On Saturday 10th November, vague reports about herders being beaten in areas around OBC’s camp started coming in. All three sides mentioned above, as well as others, confirmed that serious abuse was indeed being committed, but didn’t provide much detail. I started screaming at some of those who are still able to receive messages from me without passing out with fear that we had to get full information and report to the East African Court of Justice, but they seemed strangely passive, or at least silent, and apparently since-long silent activists didn’t start communicating with the lawyers until several days later.

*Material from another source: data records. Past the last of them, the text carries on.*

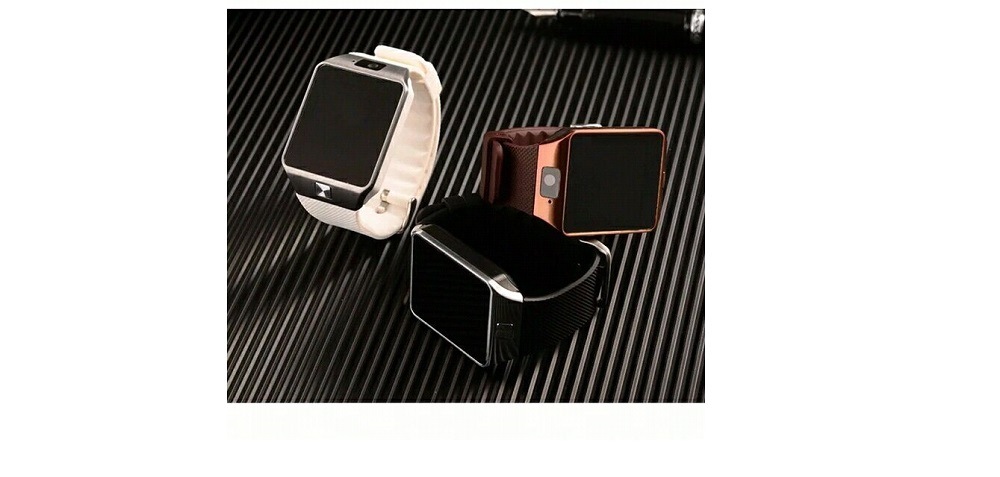 Smart Watch/ I Watch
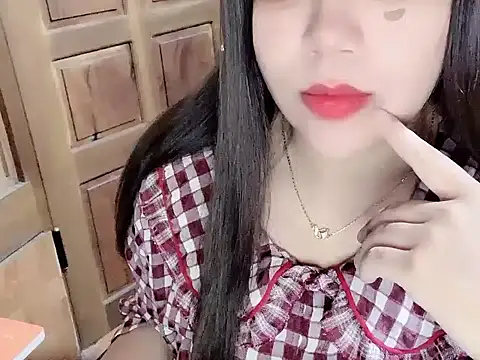 Snapshot of Subita_nice chatting on 05.31.26 Subita nice online show from 05.31.26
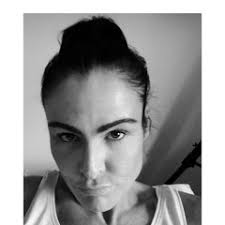 Stream Arzenic @ Tantra, Ibiza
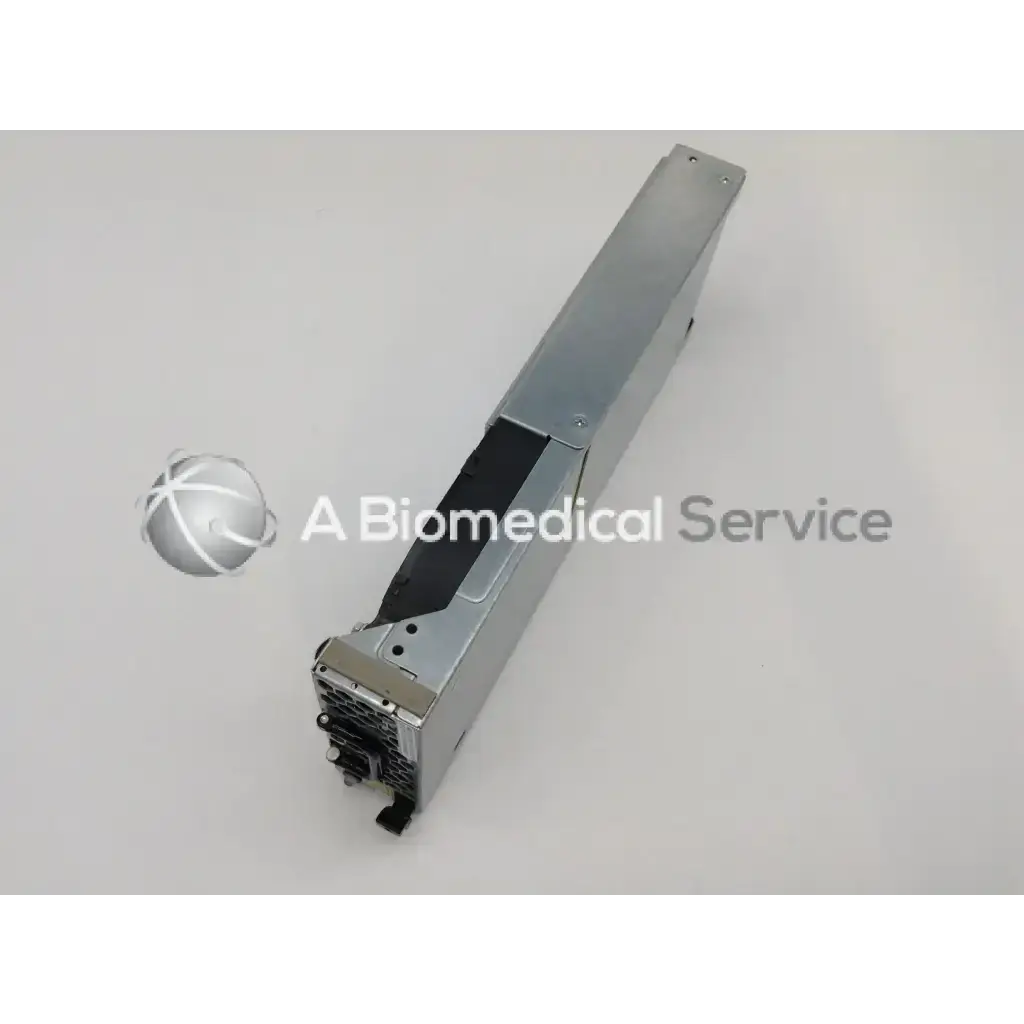Genuine Dell EMC 12V AC Power Supply Blower Module API4SG10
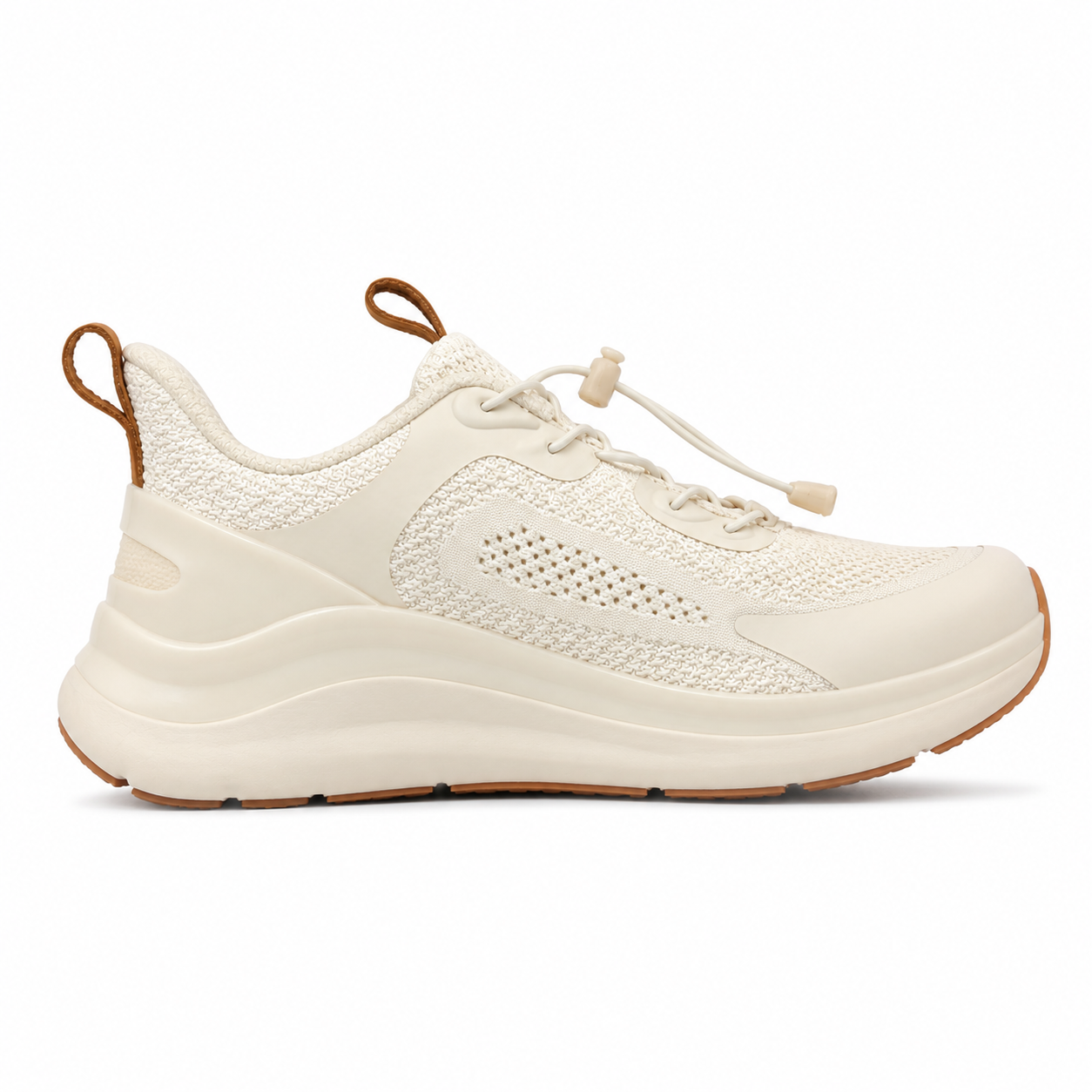 bback 1122 BB1122 CREAM BBACK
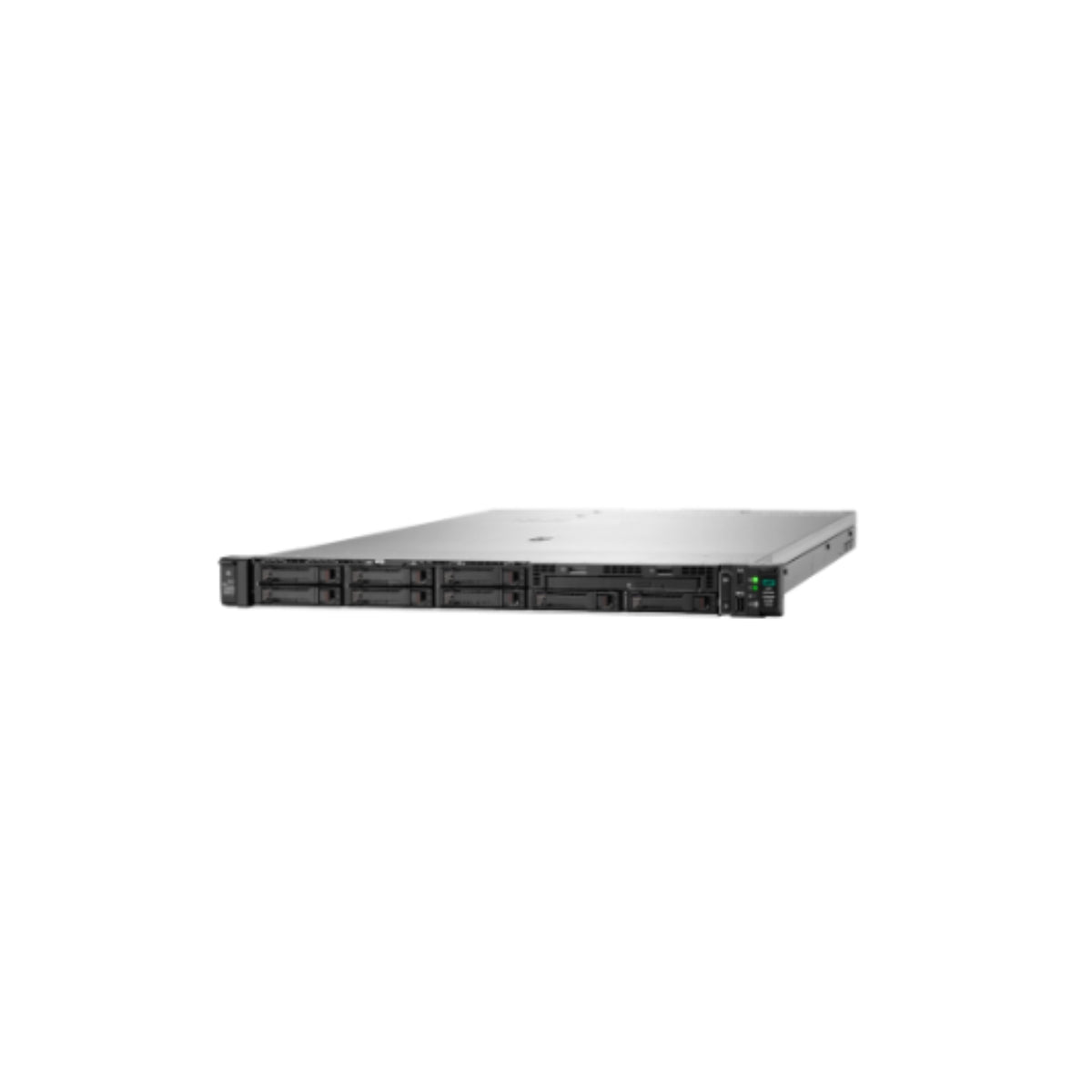 HPE ProLiant Compute DL360 Gen12 6530P Server P89997-005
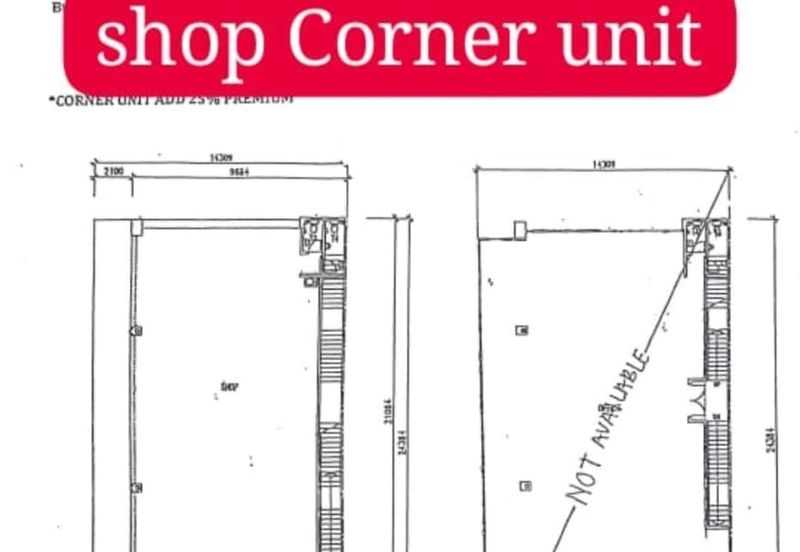 Taman Perindustrian Puchong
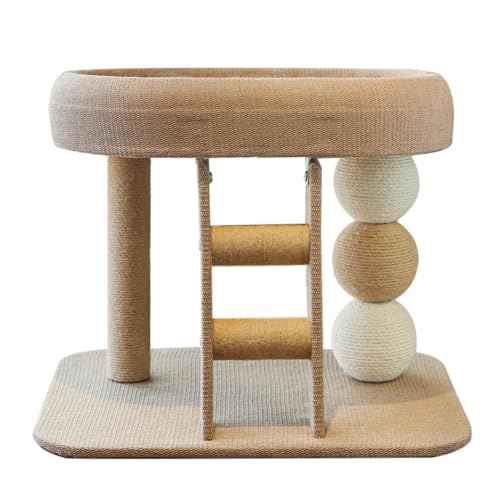 CYWOPVEQ Lbg^[ ^L 芴 ܂Ƃ Lxbh Vv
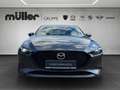 Mazda 3 G 150 PS 6MT FWD EXCLUSIVE DASO DESI Grau - thumbnail 3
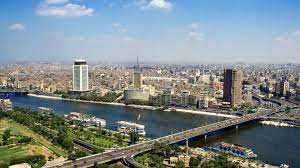 YakoutEAF's tweet photo. The Gift Of The Nile - Egypt😍🇪🇬 https://t.co/62RK13gcTn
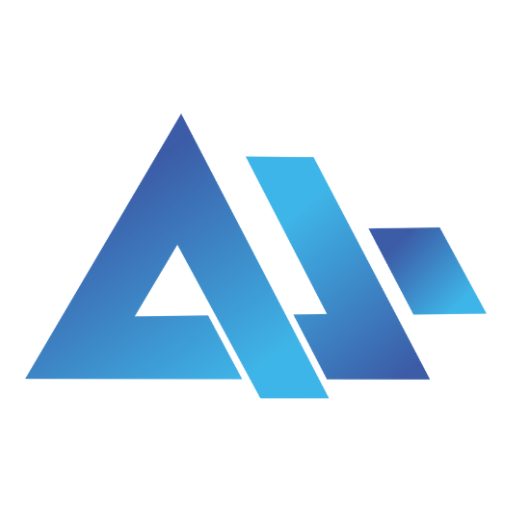 jogjacom.id logo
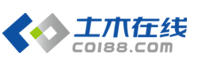 东莞千泰塑胶原料有限公司
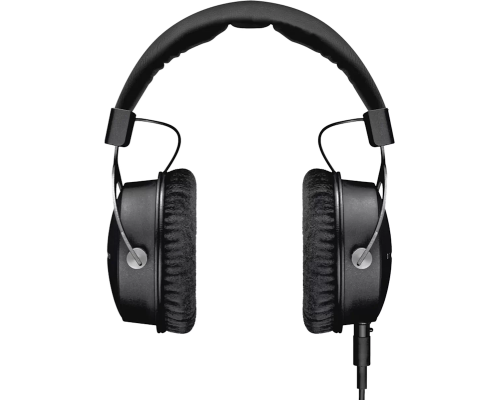 Beyerdynamic DT 1770 PRO MKII Закрытые наушники
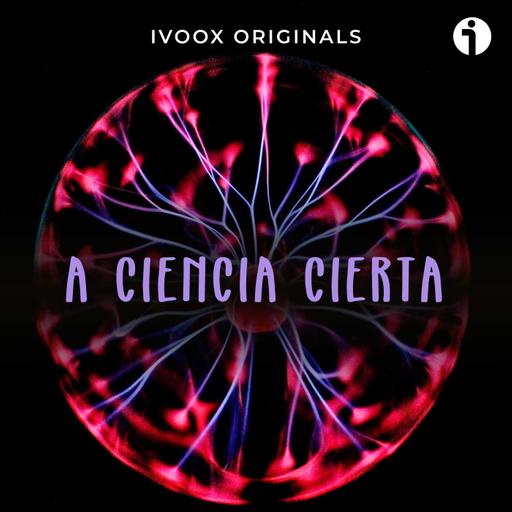 Clair Cameron Patterson: El Científico más Importante del que Jamás has Oído Hablar. A Ciencia Cierta 8/7/2024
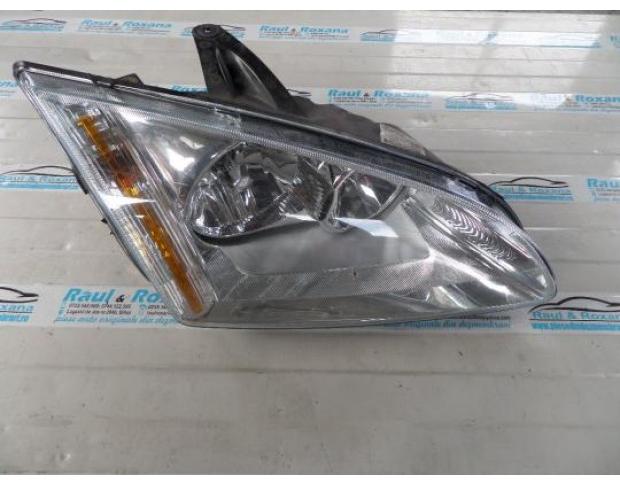 far dreapta ford focus 2 1.6b hwda 4m51-13w029-bd
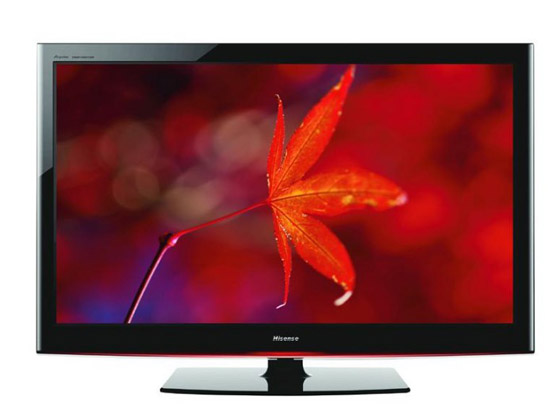 [����]TLM55V88GP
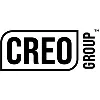 CREO Group CREO Group
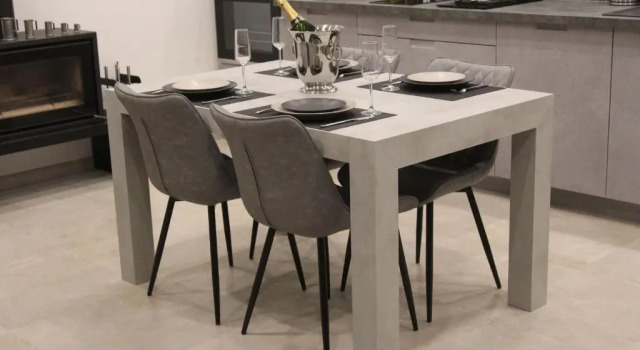 Апартаменты Superior Residence Beau Rivage Brehec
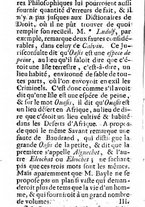 giornale/TO00178384/1692/T.23/00000030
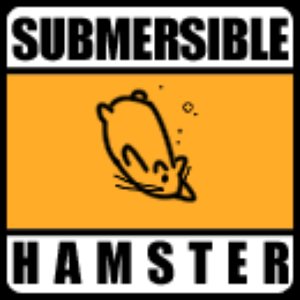 Submersible Hamster 的头像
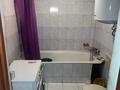 Жеке үй · 5 бөлме · 120 м² · 8 жүзд., Речников 18, бағасы: 12 млн ₸ в Семее — фото 5
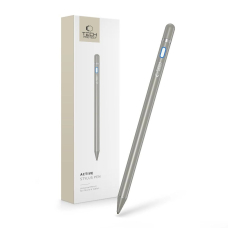 Tech-Protect Active Stylus – titano spalvos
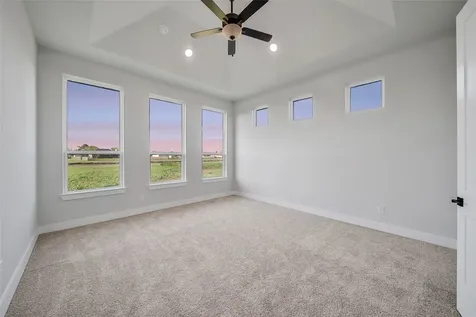 4519 Magnolia Bend Drive Rosharon TX 77583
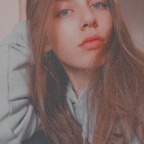 Safira your_safira Leaks OnlyFans 

 profile picture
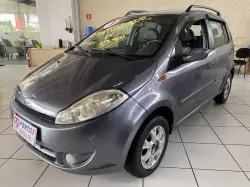 CHERY Face 1.3 16V 4P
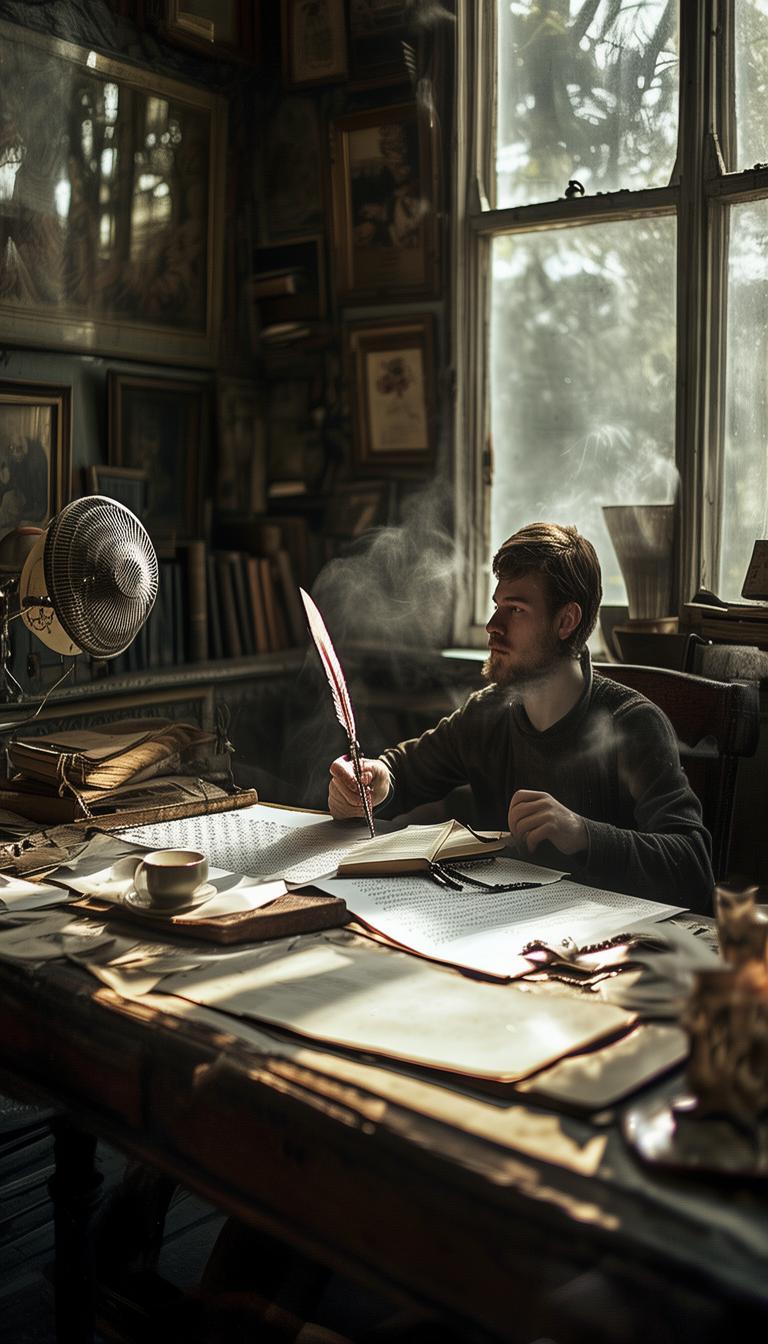 女朋友抖音不发作品还涨粉_抖音涨粉不靠作品？插图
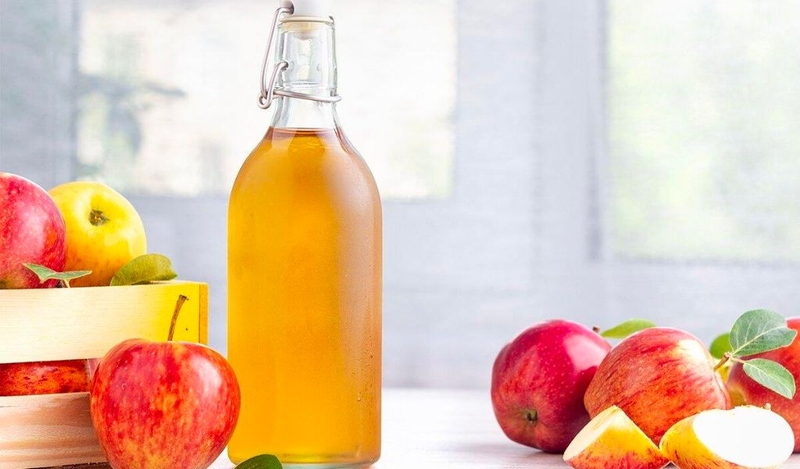 Mùi nhựa mới có độc không? Cách khử mùi nhựa mới đơn giản, hiệu quả 3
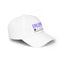 Casquette de baseball à profil bas One Star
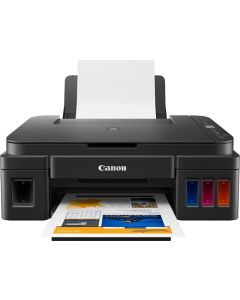CANON PIXMA G2410 AIO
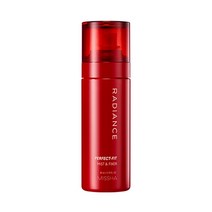래디언스 퍼펙트핏 미스트앤픽서 80ml미샤, 80ml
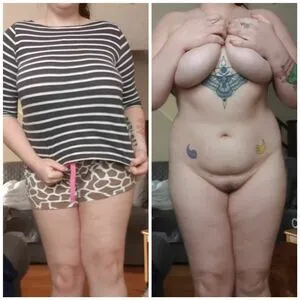 Ellysux OnlyFans Leaked Free Thumbnail Picture - #P4RHjaDE9N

Massive violation of interim orders in wide areas around OBC’s camp

I had for some time been hearing that OBC were preparing their camp for guests, or the guest, when I on Saturday 10th November was contacted by someone whose relative in Kirtalo was telling him that OBC were setting up the camp in Mambarashani and that people were being beaten, not detailing who was beating them. Two days earlier a big plane had landed in Wasso, which usually happens when OBC are bringing supplies, or whatever, while their guest always land on OBC’s own airstrip. Later I was told that the beatings had started already on 8th November. I was contacted by more people, mostly from Kirtalo, several of whom I’d never been in contact with before, while some who should have been speaking out were silent as the tomb. Information came in pieces between long silences, in various varieties of languages, and as usual with Loliondo, those who said they’d be back in fifteen minutes were often never heard from again. What most have observed is that the attackers are JWTZ army soldiers, according to some accompanied by OBC rangers, district natural resources rangers, and others.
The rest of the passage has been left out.